§ **Problem statement**:
Reproduce the entries in full, with no changes.

Top of Provided data

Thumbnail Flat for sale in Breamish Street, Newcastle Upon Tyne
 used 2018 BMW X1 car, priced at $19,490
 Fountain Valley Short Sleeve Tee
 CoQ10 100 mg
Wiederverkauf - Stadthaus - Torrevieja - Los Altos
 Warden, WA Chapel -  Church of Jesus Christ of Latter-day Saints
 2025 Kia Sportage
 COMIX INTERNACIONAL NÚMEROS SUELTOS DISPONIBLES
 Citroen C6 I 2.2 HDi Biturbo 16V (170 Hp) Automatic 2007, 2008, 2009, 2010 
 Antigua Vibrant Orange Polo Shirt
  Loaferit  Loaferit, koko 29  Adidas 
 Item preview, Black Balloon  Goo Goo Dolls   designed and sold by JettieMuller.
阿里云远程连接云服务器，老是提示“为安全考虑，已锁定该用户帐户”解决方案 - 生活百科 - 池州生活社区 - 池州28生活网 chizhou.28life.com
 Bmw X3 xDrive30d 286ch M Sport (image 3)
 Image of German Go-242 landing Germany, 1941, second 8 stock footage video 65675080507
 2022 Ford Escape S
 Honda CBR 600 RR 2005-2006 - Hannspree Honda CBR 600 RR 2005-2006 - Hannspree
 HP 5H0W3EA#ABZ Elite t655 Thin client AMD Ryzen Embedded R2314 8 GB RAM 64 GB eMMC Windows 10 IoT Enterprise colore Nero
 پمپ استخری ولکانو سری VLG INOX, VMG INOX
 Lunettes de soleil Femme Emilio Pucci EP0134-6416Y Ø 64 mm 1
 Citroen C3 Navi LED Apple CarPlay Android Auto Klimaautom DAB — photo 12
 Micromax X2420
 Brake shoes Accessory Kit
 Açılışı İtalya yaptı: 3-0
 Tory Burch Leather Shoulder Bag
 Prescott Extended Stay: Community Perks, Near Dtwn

Bottom of Provided data

§ **The answer**:
Thumbnail Flat for sale in Breamish Street, Newcastle Upon Tyne
 used 2018 BMW X1 car, priced at $19,490
 Fountain Valley Short Sleeve Tee
 CoQ10 100 mg
Wiederverkauf - Stadthaus - Torrevieja - Los Altos
 Warden, WA Chapel -  Church of Jesus Christ of Latter-day Saints
 2025 Kia Sportage
 COMIX INTERNACIONAL NÚMEROS SUELTOS DISPONIBLES
 Citroen C6 I 2.2 HDi Biturbo 16V (170 Hp) Automatic 2007, 2008, 2009, 2010 
 Antigua Vibrant Orange Polo Shirt
  Loaferit  Loaferit, koko 29  Adidas 
 Item preview, Black Balloon  Goo Goo Dolls   designed and sold by JettieMuller.
阿里云远程连接云服务器，老是提示“为安全考虑，已锁定该用户帐户”解决方案 - 生活百科 - 池州生活社区 - 池州28生活网 chizhou.28life.com
 Bmw X3 xDrive30d 286ch M Sport (image 3)
 Image of German Go-242 landing Germany, 1941, second 8 stock footage video 65675080507
 2022 Ford Escape S
 Honda CBR 600 RR 2005-2006 - Hannspree Honda CBR 600 RR 2005-2006 - Hannspree
 HP 5H0W3EA#ABZ Elite t655 Thin client AMD Ryzen Embedded R2314 8 GB RAM 64 GB eMMC Windows 10 IoT Enterprise colore Nero
 پمپ استخری ولکانو سری VLG INOX, VMG INOX
 Lunettes de soleil Femme Emilio Pucci EP0134-6416Y Ø 64 mm 1
 Citroen C3 Navi LED Apple CarPlay Android Auto Klimaautom DAB — photo 12
 Micromax X2420
 Brake shoes Accessory Kit
 Açılışı İtalya yaptı: 3-0
 Tory Burch Leather Shoulder Bag
 Prescott Extended Stay: Community Perks, Near Dtwn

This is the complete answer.